A estratégia de consolidação da Disney
A Disney está num processo de consolidação de conteúdo que visa ter todo o seu portfólio num único serviço de streaming global. Isso inclui:
- Disney+ como carro-chefe
- Hulu nos EUA (que pode eventualmente ser integrado ao Disney+ americano, como já ocorre com o pacote Disney Bundle)
- Star como marca internacional para conteúdo adulto
- ESPN+ para esportes (também nos EUA)
A compra da Fox foi o catalisador. A Disney agora controla um vasto catálogo que vai de Os Simpsons a Alien, de Grey's Anatomy a The Bear. Unificar tudo sob uma única assinatura é o objetivo final, e a integração do Star+ ao Disney+ no Brasil é um passo nessa direção.
E o futuro?
Em 2024, a Disney lançou o Hulu no Disney+ nos EUA (um plano combinado que permite assistir a ambos os serviços num só aplicativo). É provável que, eventualmente, a marca Hulu desapareça internacionalmente e todo o conteúdo seja absorvido pelo Disney+. Mas, por enquanto, a lógica permanece: se você está fora dos EUA, o Disney+ é o lugar para The Bear e quase todo o catálogo adulto da Disney.

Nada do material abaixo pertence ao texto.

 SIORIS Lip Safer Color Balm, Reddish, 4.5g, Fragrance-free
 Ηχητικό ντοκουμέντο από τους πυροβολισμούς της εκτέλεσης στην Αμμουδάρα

E se você estiver viajando?
Uma dúvida comum: se você assina o Disney+ no Brasil e viaja para os EUA, consegue assistir The Bear? Tecnicamente, sim, mas o catálogo muda de acordo com a região. Nos EUA, o Disney+ não tem The Bear (ele está no Hulu). Então, se você tentar acessar a série pelo Disney+ americano, não vai encontrar. O ideal é manter a assinatura brasileira e usar um método de pagamento brasileiro para continuar acessando o catálogo local, mesmo fora do país.
Conclusão
The Bear está no Disney+ no Brasil porque a Disney usa o selo Star para distribuir conteúdo do FX e do Hulu internacionalmente. A série é um exemplo perfeito de como os direitos de streaming são fragmentados por região, mas também de como a Disney está lentamente unificando seu império. Para o assinante brasileiro, a boa notícia é que, com a fusão do Star+, tudo está num só lugar — e a série do chef mais estressado da TV está a poucos cliques de distância.
Veredito: Se você quer maratonar The Bear no Brasil, a única plataforma necessária é o Disney+. Não precisa de Hulu, Star+ ou qualquer outro serviço. Assine, procure por "The Bear" no selo Star e prepare a pipoca — mas talvez evite cozinhar enquanto assiste, para não passar mal de ansiedade.